In the report Antibiotic Resistance Threats in the United States, 2013, the CDC divided these resistant bacteria into three categories: urgent, serious and concerning. The inquiry also noted that antibiotic use was “the single most important factor leading to antibiotic resistance.”
“Health care providers prescribe enough antibiotics for every five out of six people to take a course of antibiotics each year,” Hicks explains. “We’ve done some work to assess whether all the antibiotic courses are needed. What we’ve learned is that 30 percent of antibiotics that are prescribed in doctors’ offices and emergency departments are completely unnecessary.”
There are several reasons for this. For one, Hicks notes that individuals often seek antibiotics for viral infections (colds, the flu, sore throats), which don’t respond to these drugs. Plus, there’s the problem of doctors overprescribing these medicines.
“When a doctor thinks that a patient or parent wants an antibiotic for themselves or their child, they’re much more likely to prescribe one,” Hicks says. “They’re the ones making the decisions, but patient and parent expectations play a major role.”
In an effort to combat antibiotic resistance, the CDC is working to help physicians learn more about how and when to prescribe antibiotics. Recently, the agency released a report that shows the current status of antibiotic use in the United States and offers information on ways the organization plans to ensure that the antibacterial meds are appropriately dispensed.
In 2016, as part of its Antibiotic Resistance Solutions Initiative, the CDC invested $160 million to combat this global threat to modern medicine and allocated funding for this purpose to state and local health departments, universities and health care partners. In addition, the CDC established the Antibiotic Resistance Laboratory Network, which includes seven regional labs, for nationwide detection of new and known threats.
Thus far this year, the CDC has invested more than $200 million to help states respond to infectious disease threats. The group dedicated $77 million dollars of that funding to combat existing and emerging antibiotic resistance.
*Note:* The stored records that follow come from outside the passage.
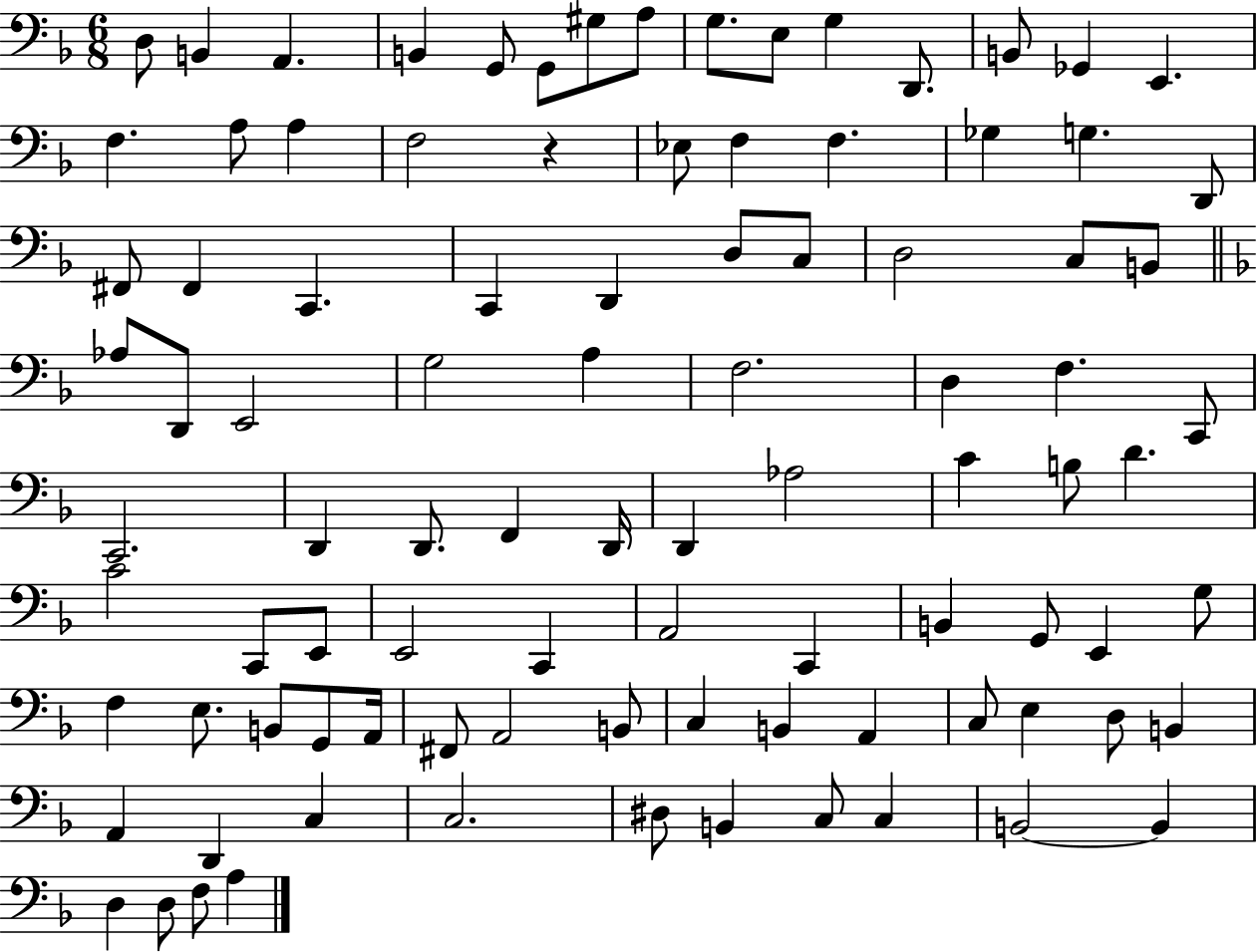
X:1
T:Untitled
M:6/8
L:1/4
K:F
D,/2 B,, A,, B,, G,,/2 G,,/2 ^G,/2 A,/2 G,/2 E,/2 G, D,,/2 B,,/2 _G,, E,, F, A,/2 A, F,2 z _E,/2 F, F, _G, G, D,,/2 ^F,,/2 ^F,, C,, C,, D,, D,/2 C,/2 D,2 C,/2 B,,/2 _A,/2 D,,/2 E,,2 G,2 A, F,2 D, F, C,,/2 C,,2 D,, D,,/2 F,, D,,/4 D,, _A,2 C B,/2 D C2 C,,/2 E,,/2 E,,2 C,, A,,2 C,, B,, G,,/2 E,, G,/2 F, E,/2 B,,/2 G,,/2 A,,/4 ^F,,/2 A,,2 B,,/2 C, B,, A,, C,/2 E, D,/2 B,, A,, D,, C, C,2 ^D,/2 B,, C,/2 C, B,,2 B,, D, D,/2 F,/2 A,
To coincide with the 10th Annual U.S. Antibiotic Awareness Week (November 13 to 19), the health agency has rebranded its “Get Smart About Antibiotics” initiative, which has worked to educate providers, patients and the public about appropriate antibiotic use and antibiotic resistance since 2003. The latest iteration of its awareness and educational campaign is called “Be Antibiotics Aware” and features new targeted messaging and resources about antibiotics.
Although it’s a doctor’s responsibility to determine whether an antibiotic is required, Hicks believes patients should also address the issue. “It’s always helpful to say to your provider that you don’t expect an antibiotic,” she says. “That does help to alleviate some pressure on them.”
In addition, Hicks encourages folks to ask about the risks and benefits of antibiotics and whether the pros outweigh the cons in their particular situation. For example, Clostridium difficile colitis, a sometimes deadly diarrheal disease that can develop from taking antibiotics, is increasingly common in community and hospital settings, according to Hicks.
This nasty illness, among many other adverse potential outcomes, is just one reason why the CDC urges providers to explain to patients that an antibiotic isn’t always necessary to treat some conditions. What’s more, the agency wants doctors to provide alternative options for treatment and to recommend a contingency plan if patients’ conditions don’t show signs of improvement.
It’s key for patients to carefully consider that there may be a cost to taking antibiotics when they’re not needed. Additionally, when these drugs are required, individuals should take them as directed.
“If you decide that you’re feeling better and want to stop taking them, it’s always a good idea to talk to your provider before stopping,” Hicks stresses. “And definitely don’t save leftover antibiotics for future infections. That can lead to major problems and contribute to the antibiotic resistance issue.”